* [Exercise description] Below, find the line containing "(TG. Wilkinson Intuition" and the line containing "Sac du Jour en cuir lisse – Maison Solstice"; reproduce exactly those two and every line between them, omitting pictures.

* [Input]
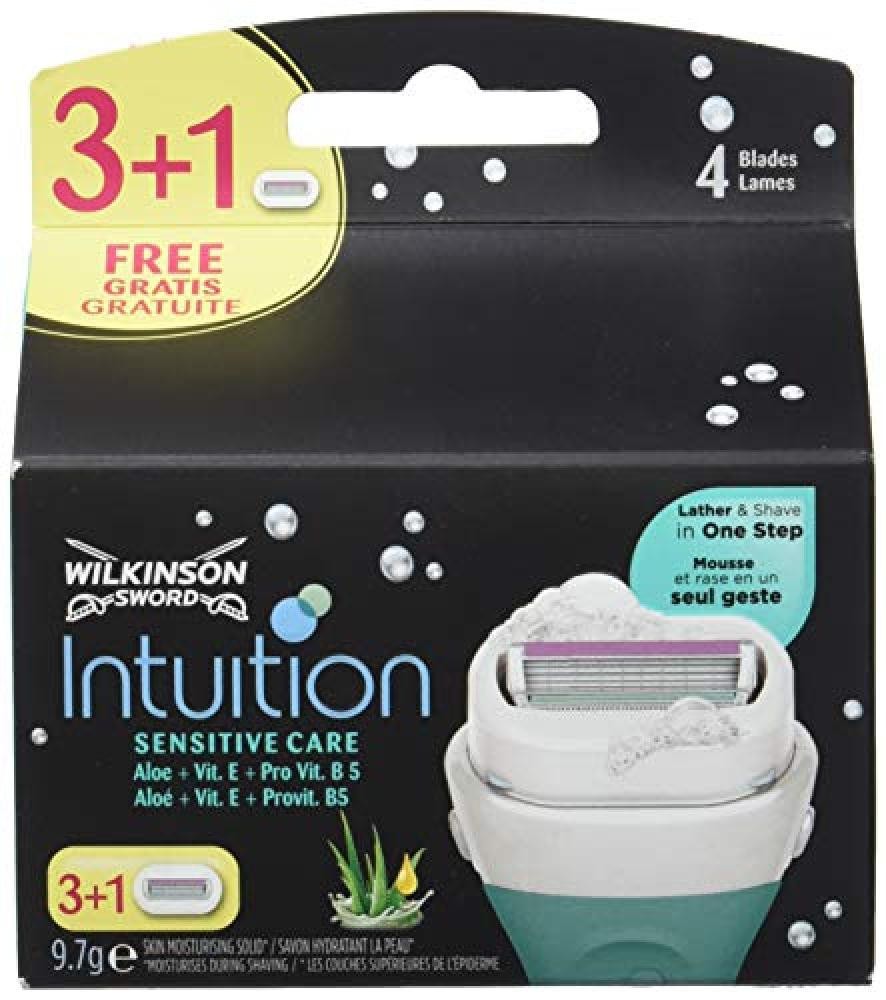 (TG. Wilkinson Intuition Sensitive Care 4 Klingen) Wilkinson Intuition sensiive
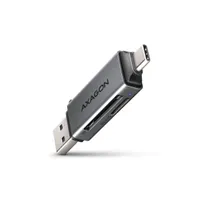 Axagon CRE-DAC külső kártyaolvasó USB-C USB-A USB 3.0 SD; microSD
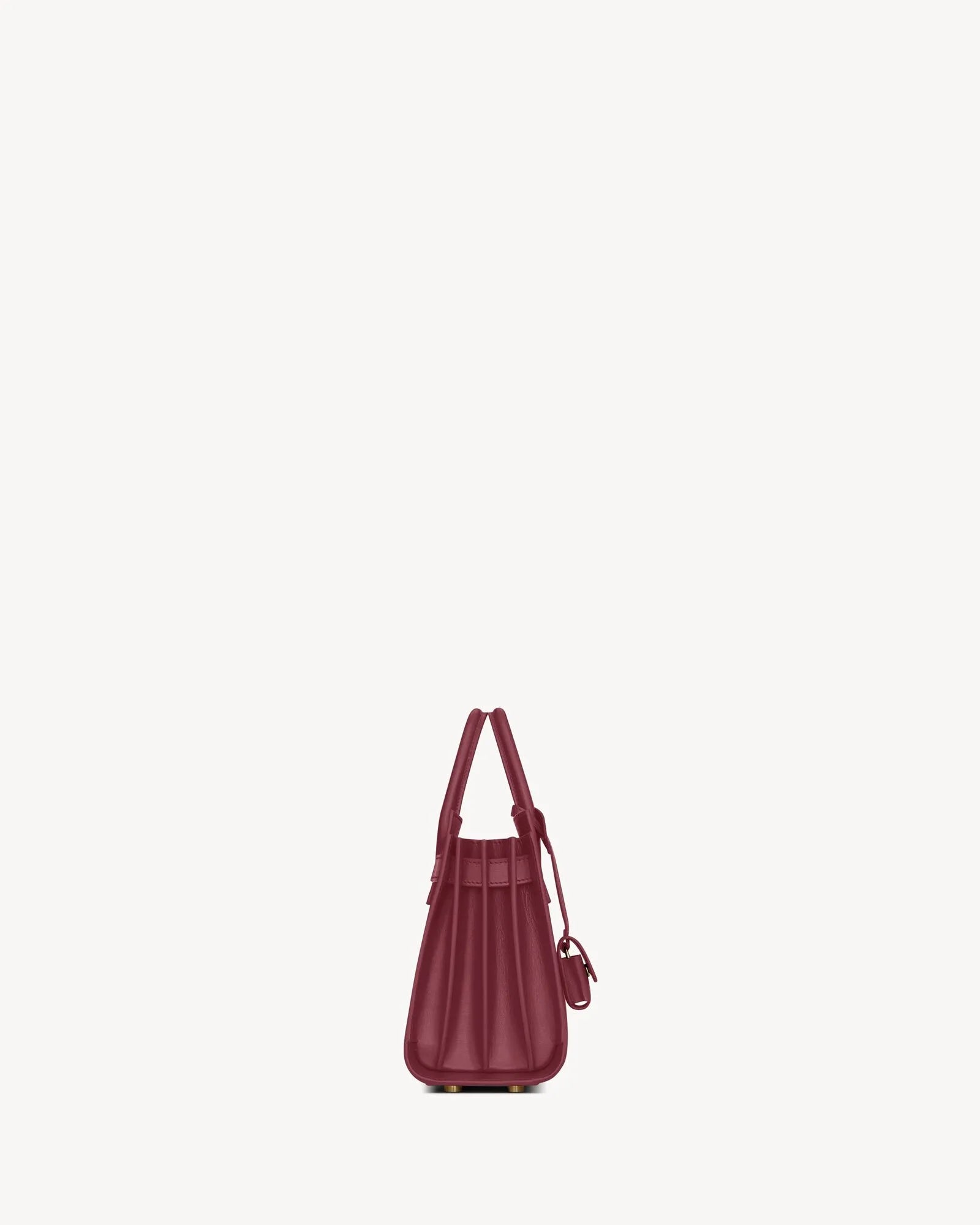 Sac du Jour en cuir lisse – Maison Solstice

---

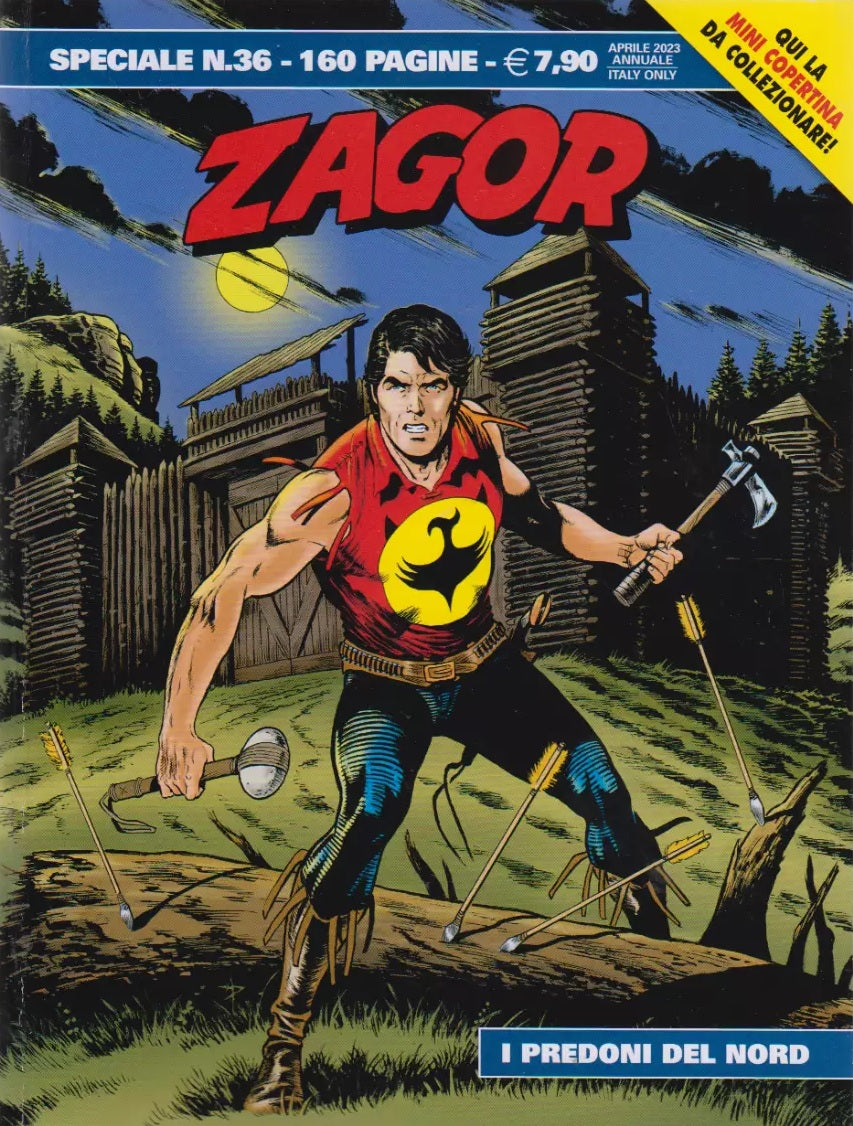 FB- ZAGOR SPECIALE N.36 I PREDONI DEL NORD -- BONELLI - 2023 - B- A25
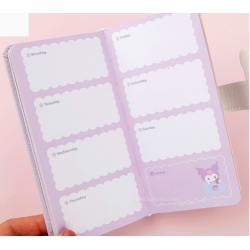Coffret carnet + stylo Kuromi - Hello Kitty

* [Written answer]
 (TG. Wilkinson Intuition Sensitive Care 4 Klingen) Wilkinson Intuition sensiive
 Axagon CRE-DAC külső kártyaolvasó USB-C USB-A USB 3.0 SD; microSD
 Sac du Jour en cuir lisse – Maison Solstice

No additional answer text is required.